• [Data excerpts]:
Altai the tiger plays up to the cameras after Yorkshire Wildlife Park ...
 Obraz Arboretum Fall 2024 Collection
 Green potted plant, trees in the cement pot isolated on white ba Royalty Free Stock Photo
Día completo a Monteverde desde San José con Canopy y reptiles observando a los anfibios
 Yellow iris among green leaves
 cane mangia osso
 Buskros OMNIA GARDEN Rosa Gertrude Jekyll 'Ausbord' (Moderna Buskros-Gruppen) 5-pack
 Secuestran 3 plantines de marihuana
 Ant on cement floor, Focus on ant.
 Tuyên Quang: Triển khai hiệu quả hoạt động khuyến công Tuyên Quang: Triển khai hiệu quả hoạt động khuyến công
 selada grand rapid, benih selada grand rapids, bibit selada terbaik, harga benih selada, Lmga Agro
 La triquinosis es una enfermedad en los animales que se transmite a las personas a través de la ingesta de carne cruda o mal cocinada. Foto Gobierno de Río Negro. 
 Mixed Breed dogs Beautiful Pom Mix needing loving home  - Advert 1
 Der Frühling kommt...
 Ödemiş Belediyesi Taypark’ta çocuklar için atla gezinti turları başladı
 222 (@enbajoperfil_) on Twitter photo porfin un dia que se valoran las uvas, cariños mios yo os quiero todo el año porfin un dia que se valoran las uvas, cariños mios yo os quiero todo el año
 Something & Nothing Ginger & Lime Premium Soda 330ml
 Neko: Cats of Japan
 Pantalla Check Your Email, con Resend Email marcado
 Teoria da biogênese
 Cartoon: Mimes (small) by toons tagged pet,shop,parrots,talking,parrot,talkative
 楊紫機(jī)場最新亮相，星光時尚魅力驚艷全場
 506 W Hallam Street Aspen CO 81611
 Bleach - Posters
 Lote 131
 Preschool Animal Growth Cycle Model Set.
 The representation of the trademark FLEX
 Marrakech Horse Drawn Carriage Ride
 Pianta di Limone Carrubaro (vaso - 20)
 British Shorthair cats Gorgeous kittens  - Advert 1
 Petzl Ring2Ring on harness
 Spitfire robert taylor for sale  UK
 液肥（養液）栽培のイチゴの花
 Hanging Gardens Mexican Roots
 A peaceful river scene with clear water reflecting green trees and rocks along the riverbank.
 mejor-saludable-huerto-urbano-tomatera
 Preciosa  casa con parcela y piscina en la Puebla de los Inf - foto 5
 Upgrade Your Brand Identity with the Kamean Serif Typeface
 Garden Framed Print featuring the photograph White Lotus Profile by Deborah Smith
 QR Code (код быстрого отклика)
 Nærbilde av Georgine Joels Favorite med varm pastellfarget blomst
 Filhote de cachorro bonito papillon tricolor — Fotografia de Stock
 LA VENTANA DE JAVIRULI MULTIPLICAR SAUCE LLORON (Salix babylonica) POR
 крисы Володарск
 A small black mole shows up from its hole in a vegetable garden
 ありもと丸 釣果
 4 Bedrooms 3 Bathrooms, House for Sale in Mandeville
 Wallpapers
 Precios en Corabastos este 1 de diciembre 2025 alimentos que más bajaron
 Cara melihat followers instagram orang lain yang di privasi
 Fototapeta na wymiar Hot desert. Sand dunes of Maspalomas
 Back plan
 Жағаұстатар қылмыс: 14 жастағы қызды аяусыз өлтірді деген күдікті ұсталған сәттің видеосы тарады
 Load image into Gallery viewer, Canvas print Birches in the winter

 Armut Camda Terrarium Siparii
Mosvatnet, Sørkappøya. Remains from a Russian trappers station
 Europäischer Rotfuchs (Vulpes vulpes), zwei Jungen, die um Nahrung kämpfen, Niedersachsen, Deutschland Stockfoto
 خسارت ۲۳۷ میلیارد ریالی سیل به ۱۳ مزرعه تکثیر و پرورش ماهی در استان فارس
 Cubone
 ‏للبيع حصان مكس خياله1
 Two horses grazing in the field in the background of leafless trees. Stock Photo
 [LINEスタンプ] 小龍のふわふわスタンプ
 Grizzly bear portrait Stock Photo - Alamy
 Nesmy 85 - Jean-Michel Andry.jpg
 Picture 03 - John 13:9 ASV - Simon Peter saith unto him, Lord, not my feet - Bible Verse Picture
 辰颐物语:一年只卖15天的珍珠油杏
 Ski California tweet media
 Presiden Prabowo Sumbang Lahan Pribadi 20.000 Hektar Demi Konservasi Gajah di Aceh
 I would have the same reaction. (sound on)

• [PROMPT]:
Search the entries above for "Advert". Show every line that has it.

• [THE ANSWER]:
 Mixed Breed dogs Beautiful Pom Mix needing loving home  - Advert 1
 British Shorthair cats Gorgeous kittens  - Advert 1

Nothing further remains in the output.